Task details
Quote each line of the material verbatim, without the pictures.

Exercise data
━━━

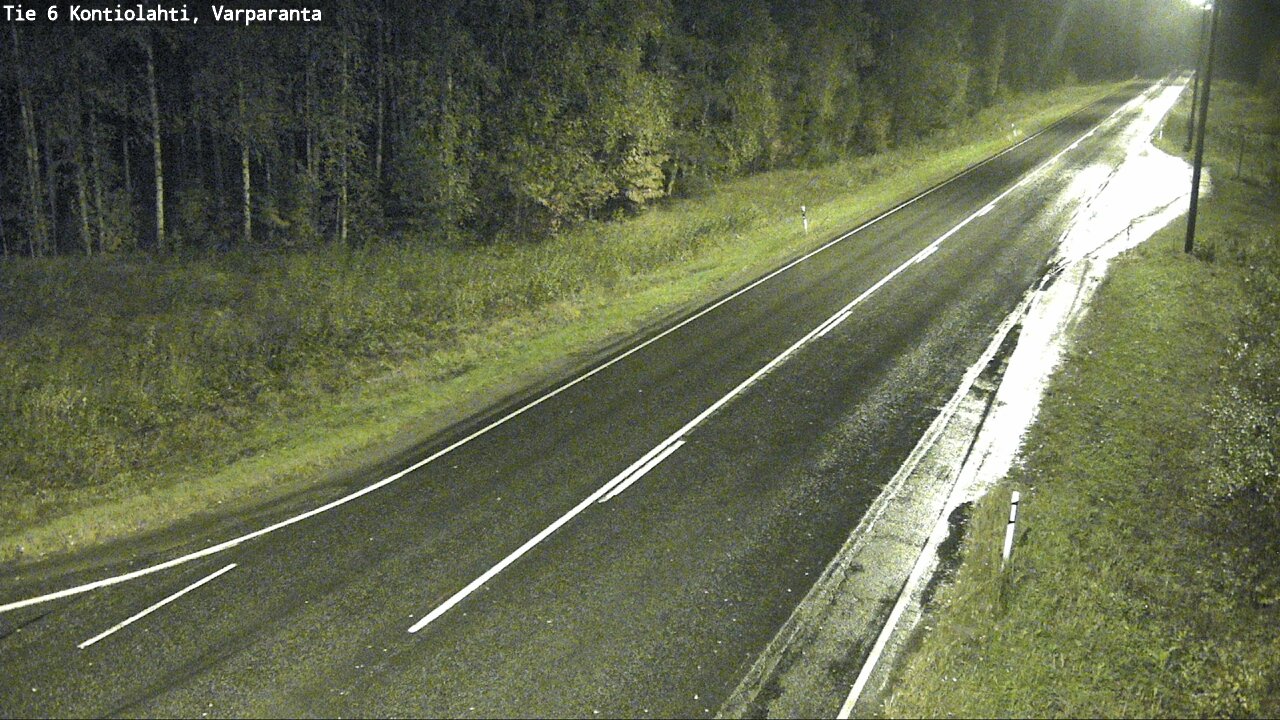 Weather Camera Image Road 6 Kontiolahti, Varparanta, Kontiolahti, Pohjois-Karjala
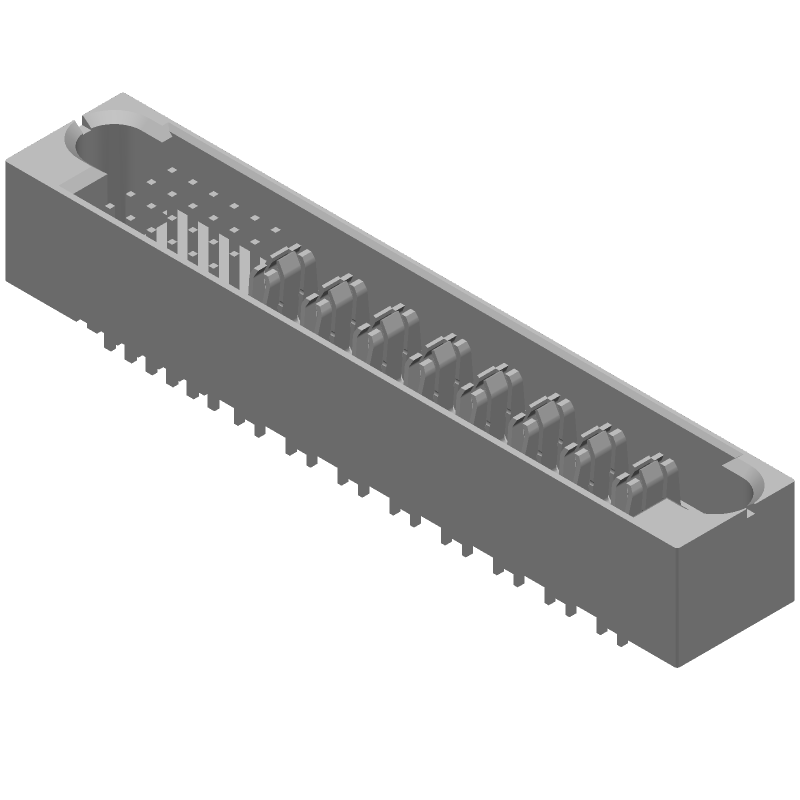 Power Connector 8P/24S Press-Fit Straight 32 Pos Tray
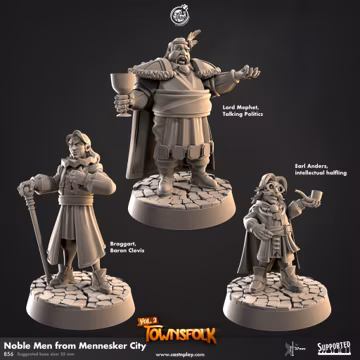 Noble Men from Mennesker City | CastnPlay | RPG Boardgames | Fantasy | Tabletop RPG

━━━

Exercise output
 Weather Camera Image Road 6 Kontiolahti, Varparanta, Kontiolahti, Pohjois-Karjala
 Power Connector 8P/24S Press-Fit Straight 32 Pos Tray
 Noble Men from Mennesker City | CastnPlay | RPG Boardgames | Fantasy | Tabletop RPG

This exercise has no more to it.